I had shorts back then that looked a little like those old basketball uniforms. They were yellow with white trim along the edges and up the sides--but they were made of stretch terrycloth. Talk about bun huggers. I had forgotten all about those shorts until my mother unearthed a picture of me wearing them at a family picnic. I was dashing across a meadow in a park near our house. My sister had snapped a picture of me with her newly purchased Polaroid SX-70 Land Camera. The thing weighed about 70 pounds but it produced a miracle. You pressed the button and a picture ejected like a piece of candy from a Pez dispenser. Then everyone stood around it and watched the image come to life. As a bonus, the picture had a white margin on the bottom that you could write on.
My mother sent that picture to me a few years ago and had scribbled on the bottom, “Look at that butt!”
I’m pushing 50 now and I’d rather not look at my butt, or my thighs for that matter.
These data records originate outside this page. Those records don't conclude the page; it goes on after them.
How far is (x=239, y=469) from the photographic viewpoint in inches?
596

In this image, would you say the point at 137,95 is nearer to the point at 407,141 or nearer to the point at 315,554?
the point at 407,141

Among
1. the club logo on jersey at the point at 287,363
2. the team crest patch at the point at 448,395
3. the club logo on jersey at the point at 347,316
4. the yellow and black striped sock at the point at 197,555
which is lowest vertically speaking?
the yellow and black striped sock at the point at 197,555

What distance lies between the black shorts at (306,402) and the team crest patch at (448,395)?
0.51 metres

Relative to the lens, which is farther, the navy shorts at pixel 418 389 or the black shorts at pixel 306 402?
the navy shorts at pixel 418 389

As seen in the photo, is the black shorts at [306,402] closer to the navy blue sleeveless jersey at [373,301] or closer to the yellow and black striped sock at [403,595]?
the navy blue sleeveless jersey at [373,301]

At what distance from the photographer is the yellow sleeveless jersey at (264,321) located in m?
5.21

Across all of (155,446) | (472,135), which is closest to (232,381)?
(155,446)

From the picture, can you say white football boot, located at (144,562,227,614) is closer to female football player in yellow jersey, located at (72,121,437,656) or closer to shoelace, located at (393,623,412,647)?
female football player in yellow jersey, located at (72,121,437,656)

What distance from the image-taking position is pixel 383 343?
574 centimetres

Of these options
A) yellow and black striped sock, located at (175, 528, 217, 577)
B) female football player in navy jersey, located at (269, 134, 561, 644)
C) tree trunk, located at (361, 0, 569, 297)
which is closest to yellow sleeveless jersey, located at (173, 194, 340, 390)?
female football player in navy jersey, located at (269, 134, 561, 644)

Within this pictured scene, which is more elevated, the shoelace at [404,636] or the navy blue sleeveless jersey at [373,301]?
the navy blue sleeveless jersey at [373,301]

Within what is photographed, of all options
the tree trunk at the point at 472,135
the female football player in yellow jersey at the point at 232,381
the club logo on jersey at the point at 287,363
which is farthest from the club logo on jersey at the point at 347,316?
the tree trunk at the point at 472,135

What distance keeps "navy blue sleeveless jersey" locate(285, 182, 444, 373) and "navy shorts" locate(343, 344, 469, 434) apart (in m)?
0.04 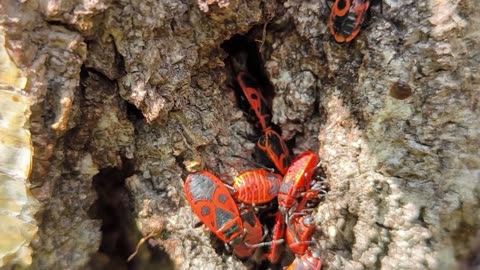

Nor would I wish that sight on anyone else. However, I’m a runner and I still need to wear shorts. Thank god the '70s are over. In 2010, the way-cool college basketball players give me an idea of what to do with my running shorts.
To lengthen running shorts, measure from the hem to just above your knees. Use that measurement to cut two pieces of fabric that are the same color as your shorts. Pin each piece of fabric to each leg of your shorts. Stitch.